La mise en place de la réouverture a donc été ardue et motif à quelques nuits blanches. Les statistiques de retour se sont toutefois avérées satisfaisantes: "En primaire à Mont, nous étions entre 75 et 80 % de nos élèves. À Luc Hommel c’était un peu moins, cela dépendait des classes".
Respecter le rythme de chacun·e
Le maître-mot de cette rentrée sera la différenciation : "Cela fait des années qu’on en parle, ce sera une nécessité à plus d’un titre pour cette rentrée scolaire particulière, il faudra que l’on puisse faire de la différenciation entre les élèves qui ont pu bénéficier d’un suivi à la maison et celles et ceux pour qui cela n’a pas été possible".

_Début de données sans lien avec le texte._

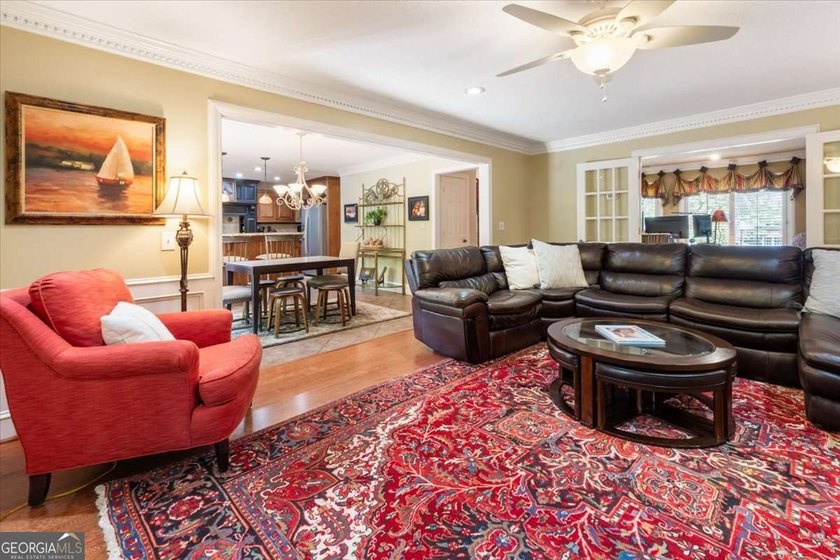 Beautifully maintained 4-bedroom, 3-bath four-sides brick home - photo 35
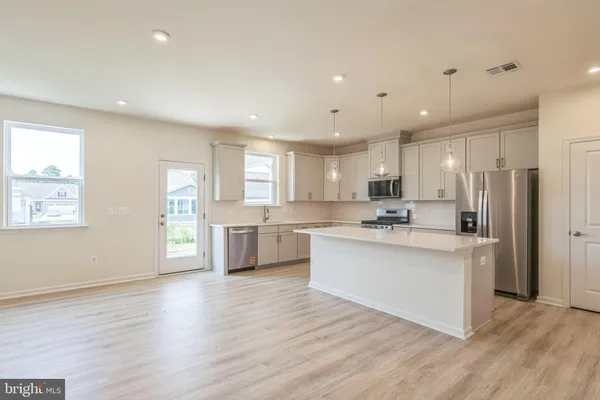 Property Slideshow image 3 of 15 | 392 scranton ln, Ocean View, DE, 19970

École St-Laurent et Ste-Marie
MURIELLE JACOB, DIRECTRICE
Mise en place du Pacte
Murielle Jacob est la nouvelle Directrice de l’École St-Laurent et Ste-Marie. Sa prise de fonction en septembre coïncide avec la mise en place du plan de pilotage dans le cadre du Pacte d’Excellence: "Les premiers élèves qui démarrent en septembre vont être le fer de lance du tronc commun. À leur arrivée en 6e primaire, il n’y aura plus de CEB. En 3e, les cours de langues commenceront. C’est vraiment la mise en pratique du pacte qui se mettra en route".
Attention aux émotions!
Pour l’équipe enseignante, le défi sera d’amorcer cette nouvelle année scolaire avec sérénité, en tenant compte des difficultés individuelles : "Nous avons reçu des directives de la Fédération Wallonie-Bruxelles qui soulignent l’importance de tenir compte des difficultés émotionnelles des enfants avant de penser à l’apprentissage. Je compte vraiment sur mon équipe pour trouver cet équilibre entre la matière qui n’a pas été vue et l’attention portée à leurs ressentis. Nous avons déjà pris des dispositions pour essayer de travailler par groupes de niveaux, pour nous ajuster au mieux à l’état d’avan- cement de chaque enfant".
La Directrice compte également sur la FWB pour épauler les écoles dans ce processus : "Je sais que nous aurons des outils au niveau des conseillers pédagogiques pour aider les enseignant·e·s qui ne sauraient pas par où commencer. Les différences de niveaux se sont accentuées pendant la quarantaine, il y a beaucoup de choses à mettre en place pour ne pas pénaliser les enfants qui ne sont pas revenus à l’école avant les congés d’été".
Juin, un retour serein
Concernant la reprise de juin, Murielle Jacob rejoint ses consœurs des autres écoles interviewées : "La situation familiale de certains enfants rendait plus que nécessaire le fait de revenir. L’école est un lieu où les relations sociales se créent, cela donne un rythme aussi. Les enfants fonctionnent beaucoup avec les habitudes. Environ 60 % des élèves sont finalement revenus en juin".
La logistique a été plutôt décontractée, notamment grâce à son prédécesseur, Luc Hupperts : "Il a été très proactif, nous avons eu la chance de pouvoir organiser assez facilement la préparation des locaux. Nous avons pu, dans la mesure du possible, fêter le départ de Monsieur Hupperts à sa juste valeur".
Lexique
Pacte d’excellence: ensemble de réformes qui a pour objectif de renforcer et améliorer l’enseignement. Le ministère de l’Enseignement prévoit une diminution globale d’au moins 50% des redoublements d’ici 2030 pour l’ensemble des années du tronc commun.
Tronc commun: mesure du Pacte d’excellence qui vise à ce que tous les élèves entrant en maternelles suivent le même tronc commun de cours, jusqu’à l’âge de quinze ans (ou troisième année secon- daire). Ils seront rejoints par les enfants qui entreront en deuxième primaire en 2021.
Différenciation: capacité à analyser et à ajuster sa pratique pédagogique ainsi que l’environnement d’apprentissage de façon à tenir compte des prédispositions et des caractéristiques d’un·e ou plusieurs élèves au sujet d’un objet particulier d’apprentissage.